Rabat - Al Maghrib Today
The “Unite the Right” white supremacist rally held this weekend in Charlottesville, Virginia turned violent after a man rammed his car into a group of counter-demonstrators.
A group of protestors representing several white extremist groups gathered in Charlottesville Friday and Saturday, protesting against the removal of the statue of Confederate icon General Robert E. Lee, while counter-demonstrators grouped together to confront them.
The confrontation between the two groups lead to violent clashes between the two groups.
On Saturday afternoon, a man driving a speeding car rammed into a crowd of counter-demonstrators, leading to the death of 32-year-old Heather Heyer and the injury of 35 people, said Al Jazeera.
The car driver, 20-year-old James Alex Fields Jr., was shortly arrested and charged with second degree murderer, one count of hit and run, and three counts of malicious wounding, reported BBC, who said that Fields held “Nazi sympathies.”

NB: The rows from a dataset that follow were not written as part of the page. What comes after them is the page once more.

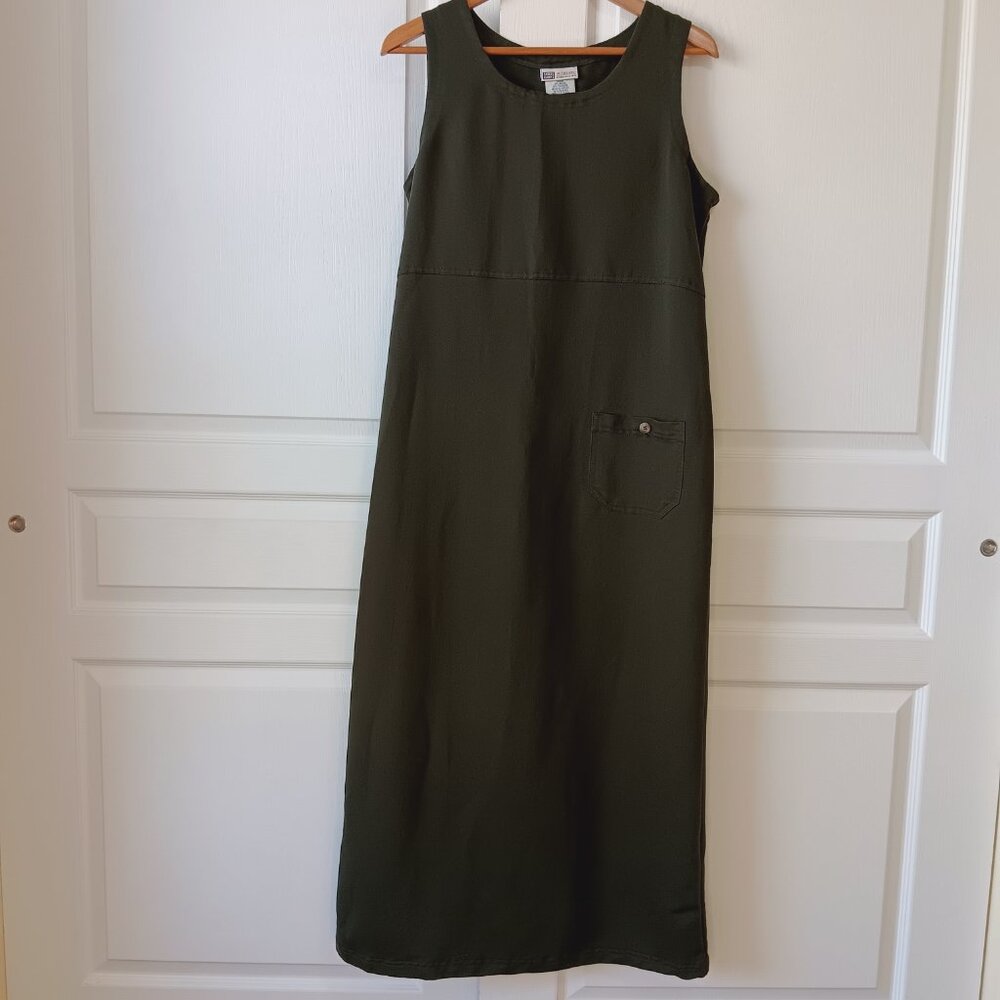 Vintage Faded Glory Women's Army Green Sleeveless Shift Midi Dress Size L - Picture 14 of 14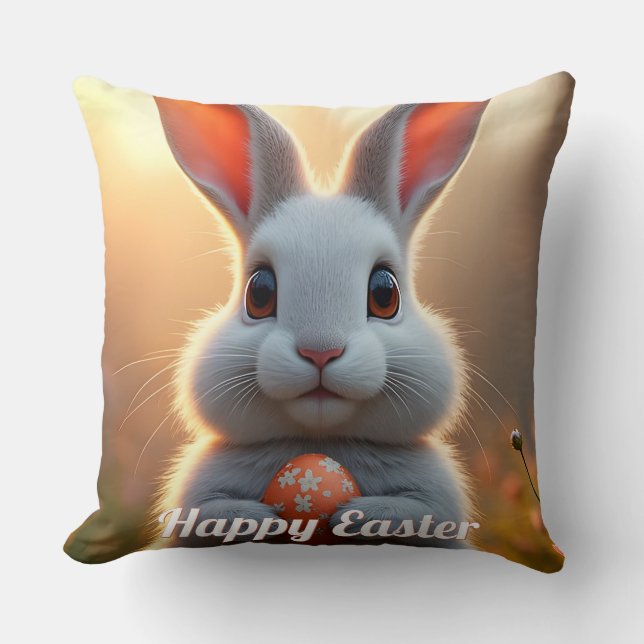 Happy Easter Bunny in the Magic of Spring Cushion (Front)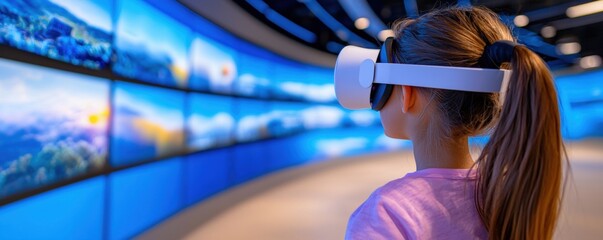 Poster - A girl wearing a VR headset explores a vibrant digital environment with multiple screens showcasing stunning visuals in a modern setting.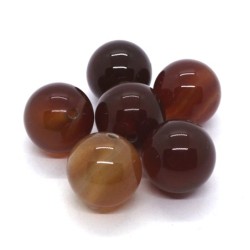 3 Perles rondes 14mm en cornaline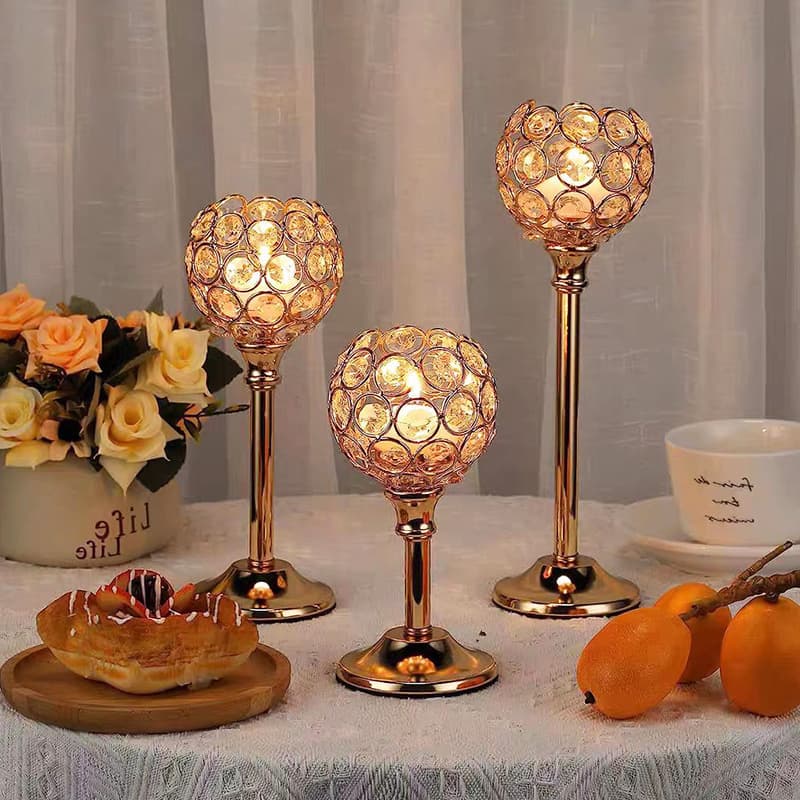 Cross-Border European Mini Crystal Candlestick Creative Metal Ornaments Wedding Home Candlelight Dinner Props Layout Supplies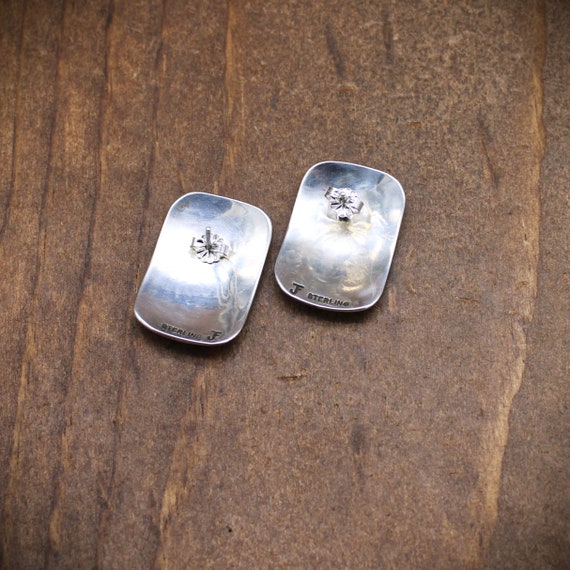Sterling Silver Rectangle Overlay Post Earrings b… - image 4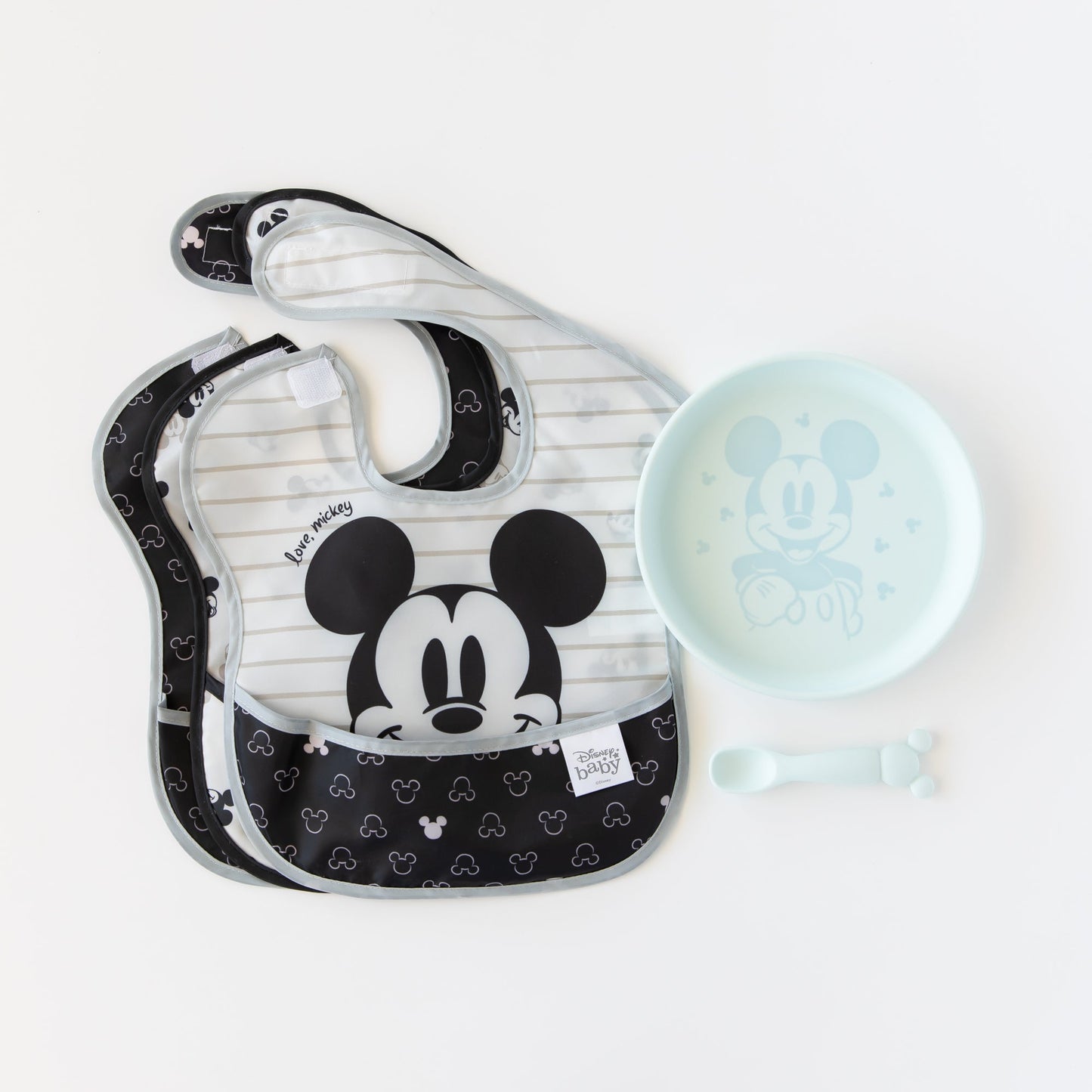 Siliconen bord + lepelset: Disney Mickey Mouse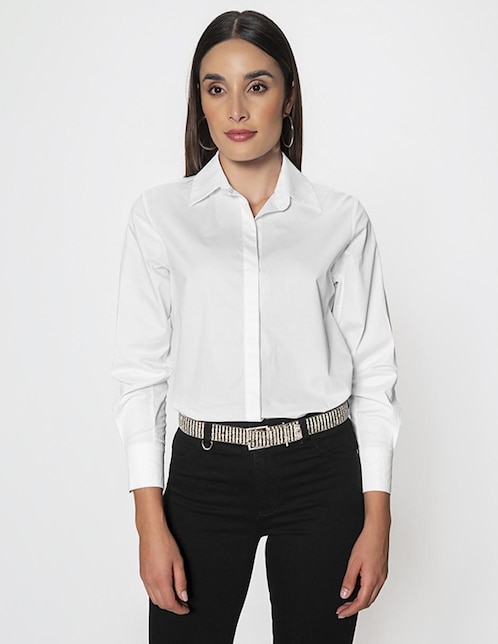 Blusa Studio F New York Times manga larga para mujer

After the incident, local police intervened and broke up the protests, while the Charlottesville governor declared a “state of emergency.”
On August 12, US president Donald Trump issued a statement about the protests on Twitter, saying that “we all must be united & condemn all that hate stands for. There is no place for this kind of violence in America. Lets come together as one!”
Trump has since come under fire for not specifically denouncing the white supremacist and neo-Nazi groups.
US Attorney General Jeff Sessions said the deadly violence was “the definition of domestic terrorism,” and that the Justice Department was opening an investigation into the event.
He also said that FBI agents from the terrorism and civil rights divisions have also launched investigations.